Dans Mignon, "Le pays où fleurit l'oranger", la magnifique voix de Nina Stemme s'extrait des longues phrases enchevêtrées et portées par les seules cordes. L'interprète aborde avec passion ce trop court lied orchestré. En l'abordant comme un arioso de Richard Strauss, le timbre somptueux de la soprano suédoise et son sens dramatique hissent cette oeuvre fort bien construite au plus haut. Accompagnement parfait de Zsolt Hamar dans une page définitivement voluptueuse. Peut-on, pour autant, estimer que Lodewijk Mortelmans est "le prince du lied flamand", comme l'écrivit Paul Gibson ? Il faudrait en avoir entendu davantage pour porter crédit à cette affirmation. 

Les quatre poèmes symphoniques qui suivent : Atmosphère de l'aube, Hélios, In Memoriam, Mythe du printemps, sont de la même eau. Séparés de vingt-six ans, c'est à peine si on peut noter une légère évolution entre chacune de ses oeuvres, comme si le compositeur avait trouvé une "manière" sans jamais chercher à la transcender. L'ensemble est fort bien interprété par le chef Fernand Terby, qui n'en fait jamais trop dans les "vagues sonores" souvent utilisées par Lodewijk Mortelmans.

En somme, un disque de mémoire des plus attachants qui ravira bien des auditeurs. Néanmoins, on ne tient pas ici le prototype d'une injustice flagrante, car il semble manquer à Lodewijk Mortelmans cette touche personnelle qui permit, par exemple, à Korngold de regagner ses lettres de noblesse. Habile, flatteur, évocateur, voire très joli sont les premiers mots qui viennent à l'esprit à l'écoute de cette évocation musicale.

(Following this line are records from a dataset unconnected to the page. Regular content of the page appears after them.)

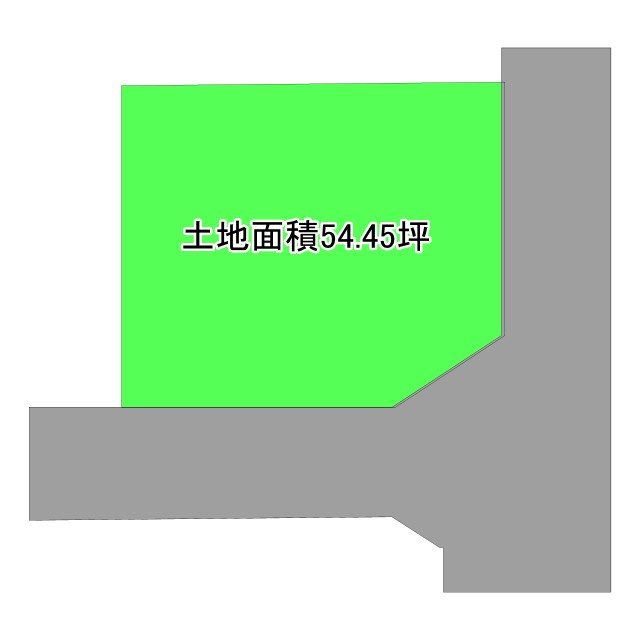 区画図：314002683985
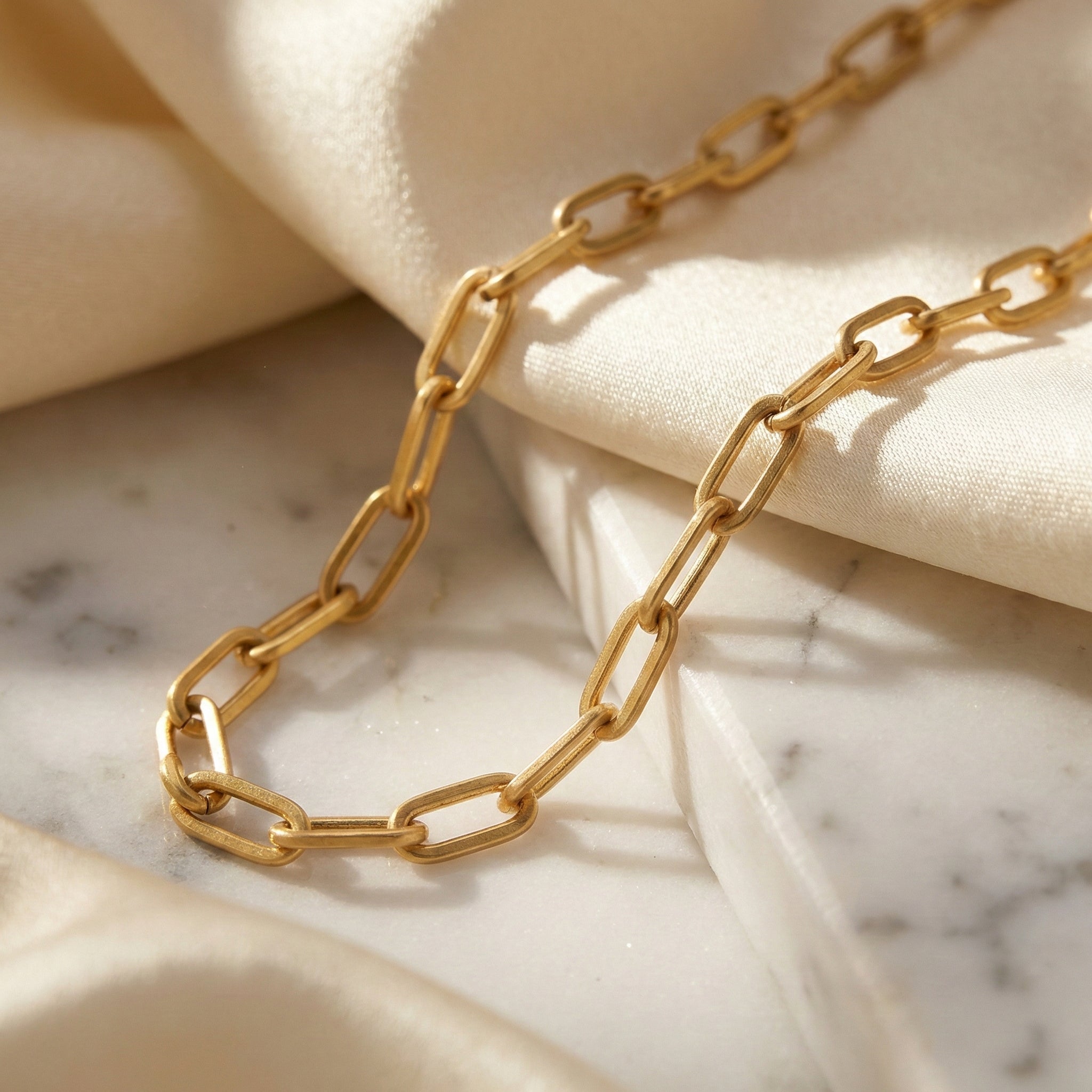 Barakah Verra Anklet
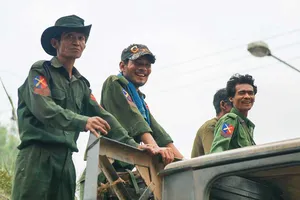 Myanmar: Sự chuyển mình đáng kinh ngạc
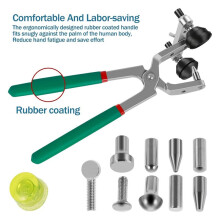 Car Dent Repair Tools, Car Door Panel Crimp Dent Pliers, Car Repair Tools, Metal Autobody Pliers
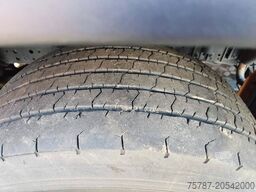 IVECO 460 Hi Way, Retarder, Abstandstempomat, Kühlfach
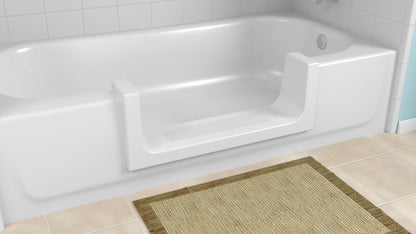 CleanCut Step (Bathtub CutOut)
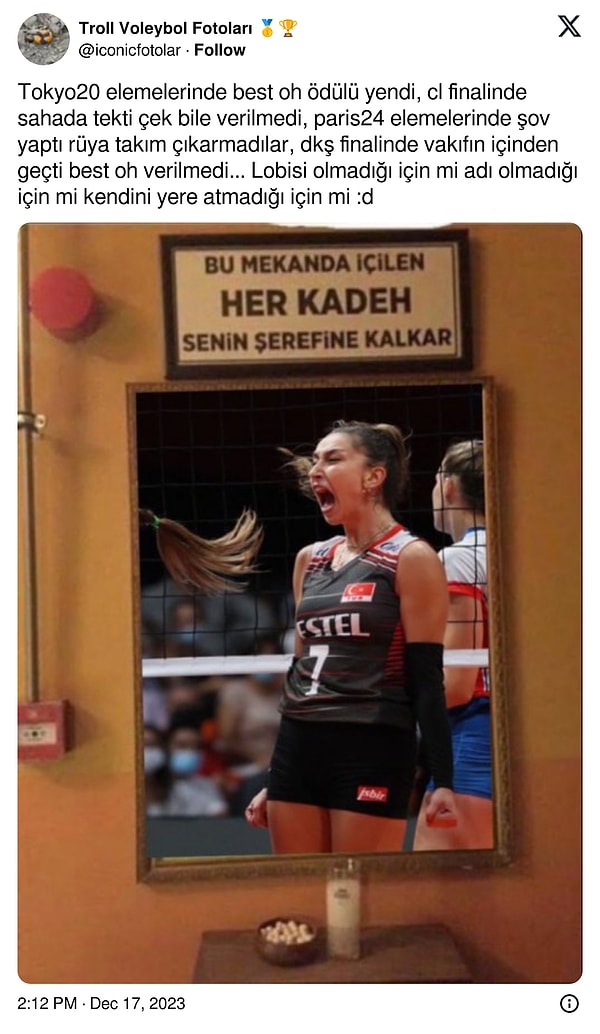 Rüya Takım'a gelen tepkiler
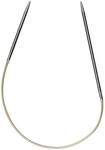 Addi AD7107025-03.75 Rundstricknadel, Rot, 3, 75mm, 25cm L&auml;nge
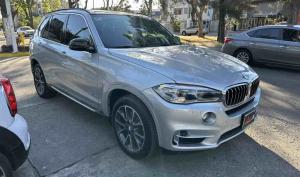 BMW X5 HYBRID 2017
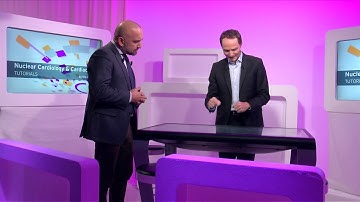 EACVI CT Tutorials   04   Cardiac CT in structural heart disease   sample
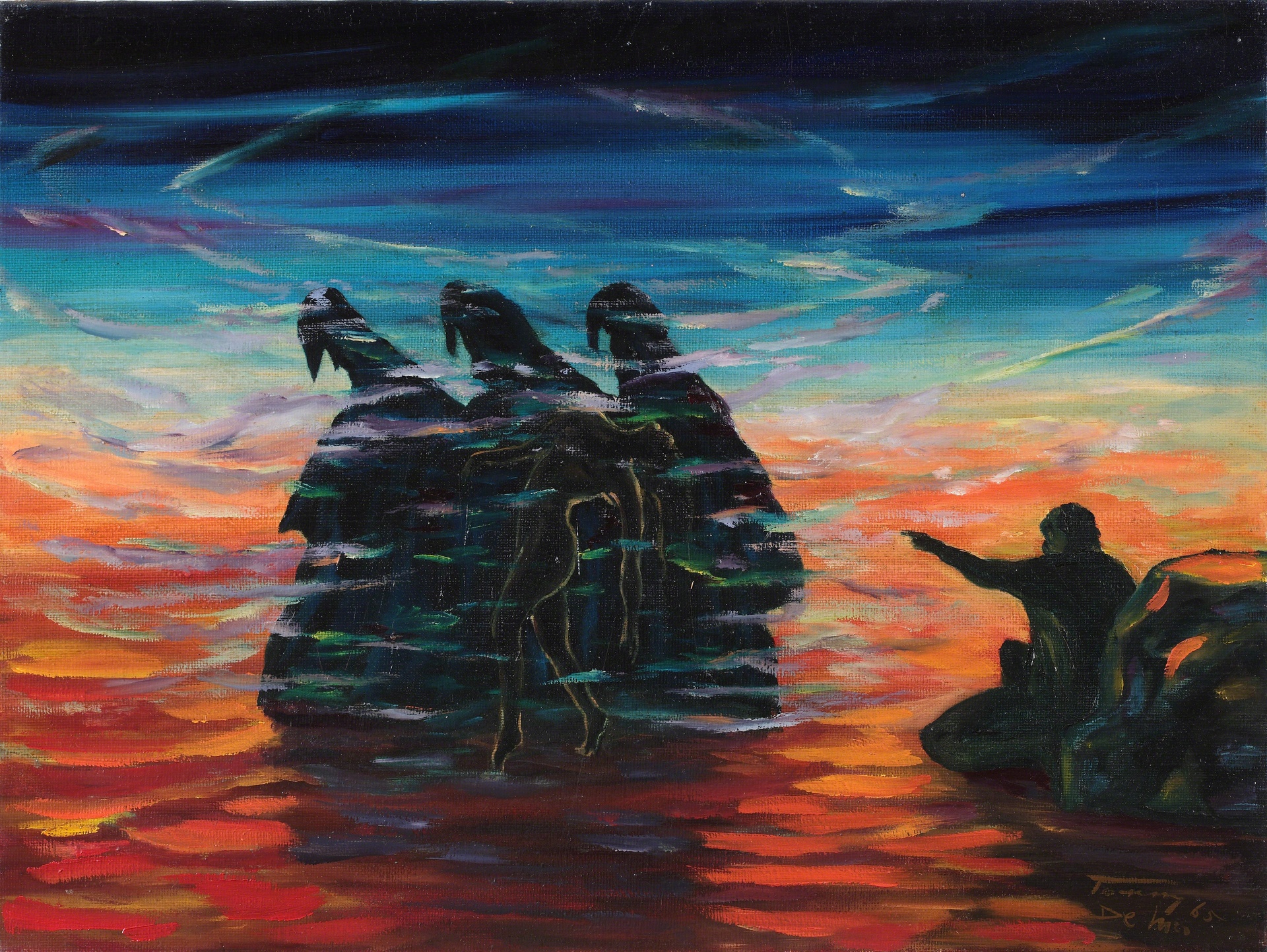 Beethoven 3: De Excursión Con La Familia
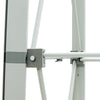 20 x 15 ft. Lumiere Light Wall® Configuration I Single - Sided (Graphic Package)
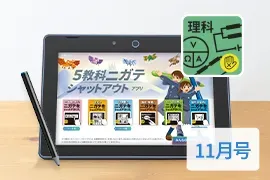 進研ゼミ 中学講座 中1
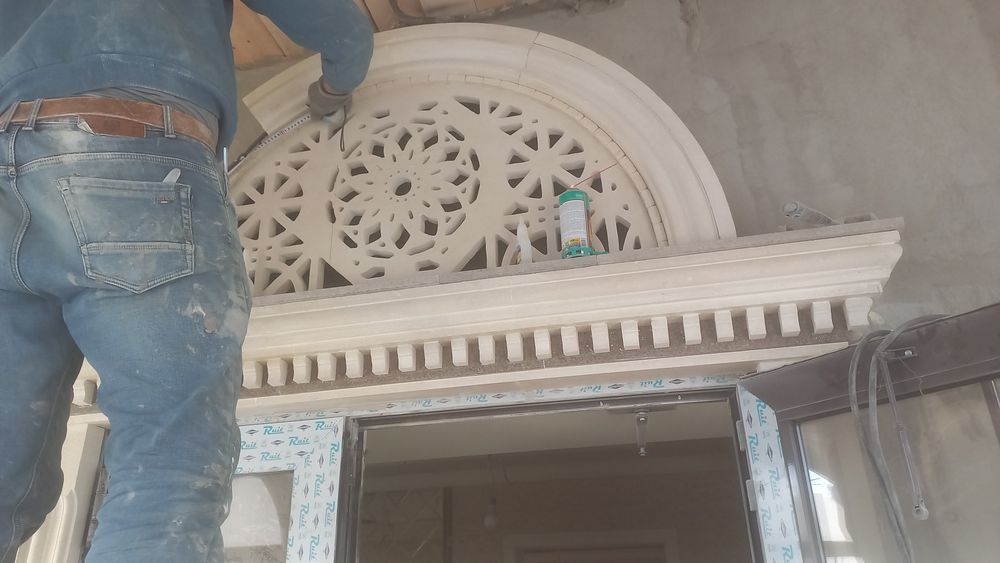 Мрамор, Гранит, Травертин, Аглай -ПРОДАЖА + МОНТАЖ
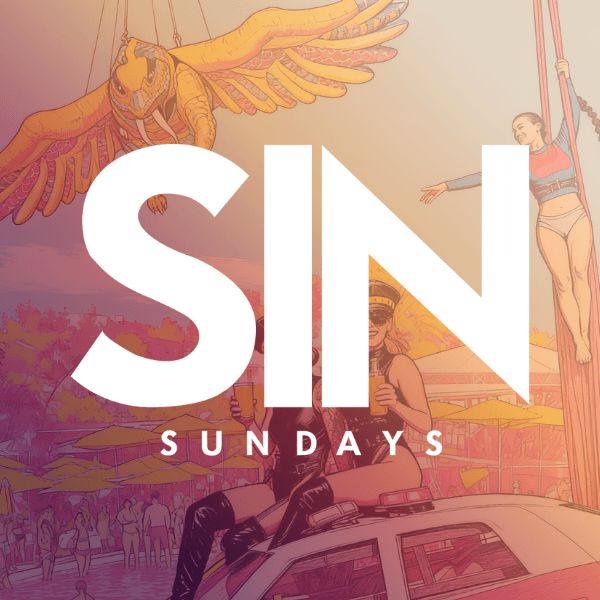 SIN Sundays 3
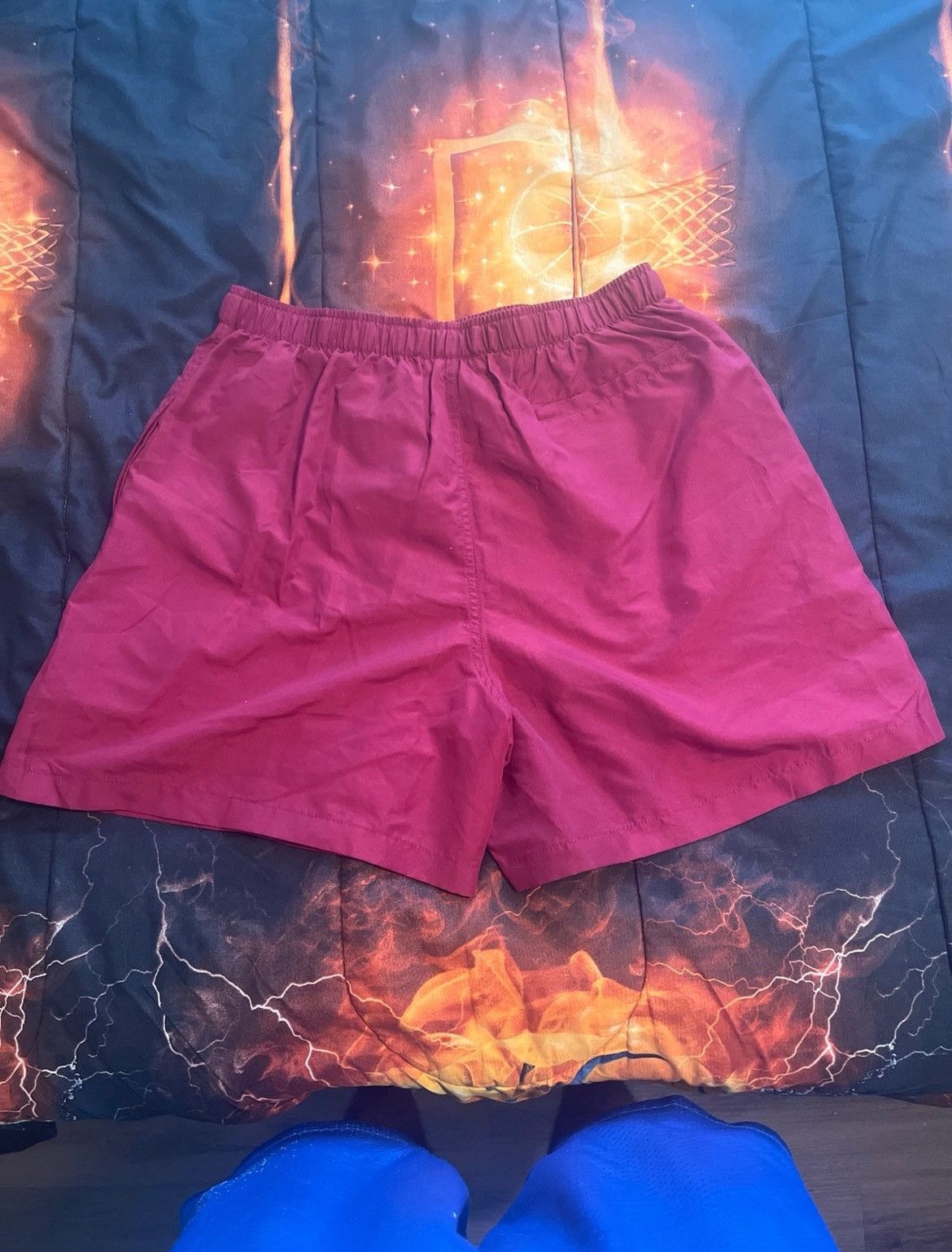 Other KryptoWrld Swim Shorts Size US 32 / EU 48 - 2 Thumbnail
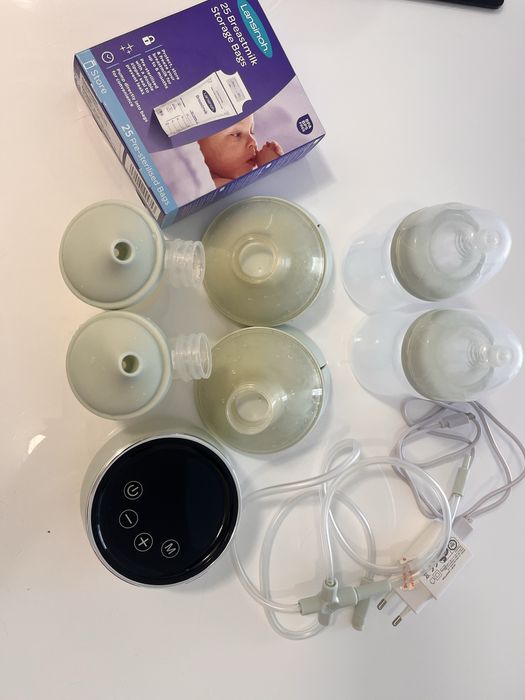 Електрическа помпа за кърма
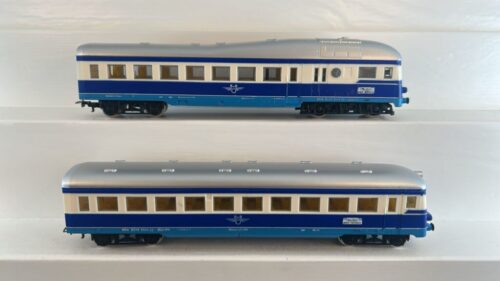 Kleinbahn ÖBB VT 5045 Blauer Blitz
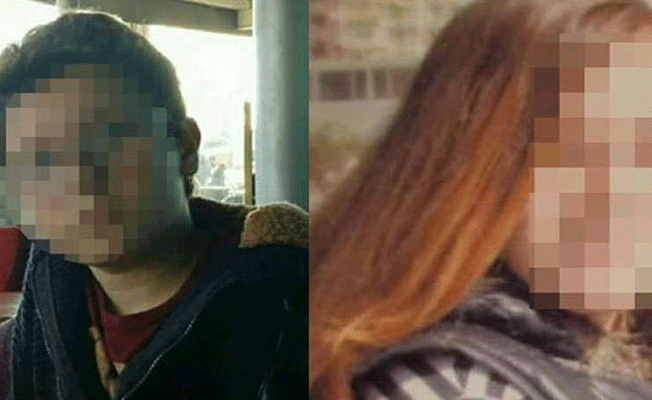 İki lise öğrencisinden haber alınamıyor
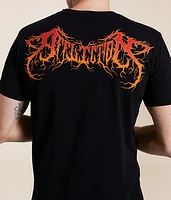 Tortured T-Shirt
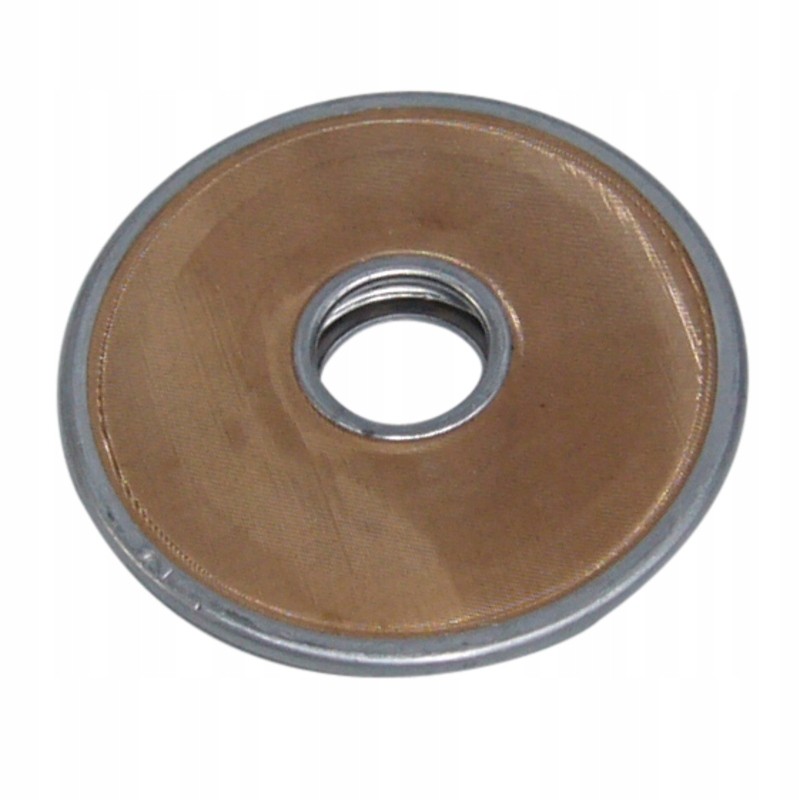 Mesh insert and zetor 5211 5245 6211 6245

Il faut remercier le label Phaedra pour son travail de mémoire et la très belle qualité musicale apportée à cet enregistrement. La pochette est sans doute un peu trop austère (s'adressant ainsi aux seuls curieux) et le texte d'accompagnement assez mal traduit. C'est dommage, car ce disque pourrait plaire très largement et engager bien des "non spécialistes" à s'intéresser aux compositeurs plus innovants de cette période.